Start of Data for analysis

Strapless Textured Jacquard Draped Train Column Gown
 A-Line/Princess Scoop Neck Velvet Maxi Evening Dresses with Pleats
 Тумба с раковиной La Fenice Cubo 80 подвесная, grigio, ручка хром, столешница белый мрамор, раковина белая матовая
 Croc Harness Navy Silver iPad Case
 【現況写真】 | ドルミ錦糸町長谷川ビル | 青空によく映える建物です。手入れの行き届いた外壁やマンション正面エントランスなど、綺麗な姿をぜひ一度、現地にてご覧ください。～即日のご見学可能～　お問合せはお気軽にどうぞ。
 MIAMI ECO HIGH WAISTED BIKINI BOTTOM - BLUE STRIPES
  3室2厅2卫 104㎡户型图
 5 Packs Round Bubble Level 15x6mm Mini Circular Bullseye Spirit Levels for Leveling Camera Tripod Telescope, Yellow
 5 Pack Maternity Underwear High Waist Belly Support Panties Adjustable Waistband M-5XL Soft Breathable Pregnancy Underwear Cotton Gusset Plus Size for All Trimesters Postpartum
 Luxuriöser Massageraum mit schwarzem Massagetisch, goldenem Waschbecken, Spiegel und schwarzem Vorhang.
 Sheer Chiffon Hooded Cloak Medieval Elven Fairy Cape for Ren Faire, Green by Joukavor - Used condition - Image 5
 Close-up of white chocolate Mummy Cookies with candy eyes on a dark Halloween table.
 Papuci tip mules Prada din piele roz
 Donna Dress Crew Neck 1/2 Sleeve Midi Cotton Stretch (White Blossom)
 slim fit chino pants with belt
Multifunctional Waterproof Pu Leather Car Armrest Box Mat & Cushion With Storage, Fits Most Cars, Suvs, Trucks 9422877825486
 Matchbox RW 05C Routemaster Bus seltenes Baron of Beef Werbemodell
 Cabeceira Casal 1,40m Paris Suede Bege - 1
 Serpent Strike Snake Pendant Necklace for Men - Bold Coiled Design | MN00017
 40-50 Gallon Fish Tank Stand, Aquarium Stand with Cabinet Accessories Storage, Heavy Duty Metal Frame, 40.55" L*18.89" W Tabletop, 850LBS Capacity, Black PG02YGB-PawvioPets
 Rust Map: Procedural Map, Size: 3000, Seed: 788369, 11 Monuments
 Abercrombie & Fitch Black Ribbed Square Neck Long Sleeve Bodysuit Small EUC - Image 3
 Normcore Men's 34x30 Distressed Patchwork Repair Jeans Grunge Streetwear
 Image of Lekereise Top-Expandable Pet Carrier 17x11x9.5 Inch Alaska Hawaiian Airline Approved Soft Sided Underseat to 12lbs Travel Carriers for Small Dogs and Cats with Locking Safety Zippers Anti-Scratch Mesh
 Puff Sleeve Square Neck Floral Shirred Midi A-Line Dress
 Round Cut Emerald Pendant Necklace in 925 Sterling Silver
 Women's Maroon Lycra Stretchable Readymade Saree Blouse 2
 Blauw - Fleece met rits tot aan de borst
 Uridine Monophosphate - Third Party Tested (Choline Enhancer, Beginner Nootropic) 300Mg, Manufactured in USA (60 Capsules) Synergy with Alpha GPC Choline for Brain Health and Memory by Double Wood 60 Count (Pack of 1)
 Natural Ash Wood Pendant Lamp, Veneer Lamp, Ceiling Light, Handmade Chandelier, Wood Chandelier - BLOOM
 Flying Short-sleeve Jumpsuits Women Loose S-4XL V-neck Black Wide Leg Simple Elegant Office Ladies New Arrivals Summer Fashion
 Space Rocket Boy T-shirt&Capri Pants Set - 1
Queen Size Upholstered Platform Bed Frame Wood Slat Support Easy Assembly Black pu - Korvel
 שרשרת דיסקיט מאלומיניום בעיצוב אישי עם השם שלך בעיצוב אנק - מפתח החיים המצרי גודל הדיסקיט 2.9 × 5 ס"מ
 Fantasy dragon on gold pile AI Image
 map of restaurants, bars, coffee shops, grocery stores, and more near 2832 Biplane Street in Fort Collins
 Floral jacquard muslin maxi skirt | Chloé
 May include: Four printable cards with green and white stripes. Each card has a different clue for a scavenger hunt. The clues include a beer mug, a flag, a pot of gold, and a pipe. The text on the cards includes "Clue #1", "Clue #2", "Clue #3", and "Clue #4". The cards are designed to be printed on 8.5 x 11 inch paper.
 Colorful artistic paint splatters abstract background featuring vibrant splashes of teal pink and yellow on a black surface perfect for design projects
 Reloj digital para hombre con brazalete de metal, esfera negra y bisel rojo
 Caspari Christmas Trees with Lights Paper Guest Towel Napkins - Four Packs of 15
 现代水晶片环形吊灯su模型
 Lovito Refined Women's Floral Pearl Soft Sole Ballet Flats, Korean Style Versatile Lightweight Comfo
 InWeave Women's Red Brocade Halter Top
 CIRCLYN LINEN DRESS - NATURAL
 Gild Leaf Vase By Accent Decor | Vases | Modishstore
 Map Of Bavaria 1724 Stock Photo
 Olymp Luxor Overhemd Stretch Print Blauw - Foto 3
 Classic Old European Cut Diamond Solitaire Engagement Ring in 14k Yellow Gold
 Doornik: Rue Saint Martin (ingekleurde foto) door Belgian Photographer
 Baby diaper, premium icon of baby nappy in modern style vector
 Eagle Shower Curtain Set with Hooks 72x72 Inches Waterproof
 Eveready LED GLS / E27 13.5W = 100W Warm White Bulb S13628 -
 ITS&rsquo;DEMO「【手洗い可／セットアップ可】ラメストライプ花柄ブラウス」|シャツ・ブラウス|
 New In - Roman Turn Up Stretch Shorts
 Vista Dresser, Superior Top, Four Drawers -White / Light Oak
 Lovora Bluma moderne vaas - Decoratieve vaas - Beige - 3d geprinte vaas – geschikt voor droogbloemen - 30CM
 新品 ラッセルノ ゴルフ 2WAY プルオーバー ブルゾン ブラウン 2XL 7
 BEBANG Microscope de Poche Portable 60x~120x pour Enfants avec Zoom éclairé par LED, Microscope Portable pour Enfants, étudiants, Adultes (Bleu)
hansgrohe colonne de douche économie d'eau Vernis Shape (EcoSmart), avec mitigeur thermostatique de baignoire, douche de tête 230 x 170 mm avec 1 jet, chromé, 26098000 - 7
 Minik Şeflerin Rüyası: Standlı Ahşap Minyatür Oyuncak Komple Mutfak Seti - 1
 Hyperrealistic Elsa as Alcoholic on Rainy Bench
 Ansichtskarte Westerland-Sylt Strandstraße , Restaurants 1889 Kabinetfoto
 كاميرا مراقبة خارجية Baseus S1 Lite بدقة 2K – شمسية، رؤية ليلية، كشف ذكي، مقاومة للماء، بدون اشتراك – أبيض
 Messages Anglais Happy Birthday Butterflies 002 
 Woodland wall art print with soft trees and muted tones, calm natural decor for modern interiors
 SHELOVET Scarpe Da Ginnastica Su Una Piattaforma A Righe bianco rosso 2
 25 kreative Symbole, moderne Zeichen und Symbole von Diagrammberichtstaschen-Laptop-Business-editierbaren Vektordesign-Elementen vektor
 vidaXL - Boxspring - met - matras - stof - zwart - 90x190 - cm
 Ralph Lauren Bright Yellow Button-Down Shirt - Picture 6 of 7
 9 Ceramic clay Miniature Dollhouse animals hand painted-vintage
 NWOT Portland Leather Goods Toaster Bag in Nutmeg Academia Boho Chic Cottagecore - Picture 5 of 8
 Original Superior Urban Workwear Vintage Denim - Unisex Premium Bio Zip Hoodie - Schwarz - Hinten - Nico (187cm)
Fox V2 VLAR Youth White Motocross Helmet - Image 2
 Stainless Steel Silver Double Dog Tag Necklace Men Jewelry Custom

End of Data for analysis

*Work to complete*
Scan the data above and copy every line with "Superior" in it.

*Answer to this problem*
 Vista Dresser, Superior Top, Four Drawers -White / Light Oak
 Original Superior Urban Workwear Vintage Denim - Unisex Premium Bio Zip Hoodie - Schwarz - Hinten - Nico (187cm)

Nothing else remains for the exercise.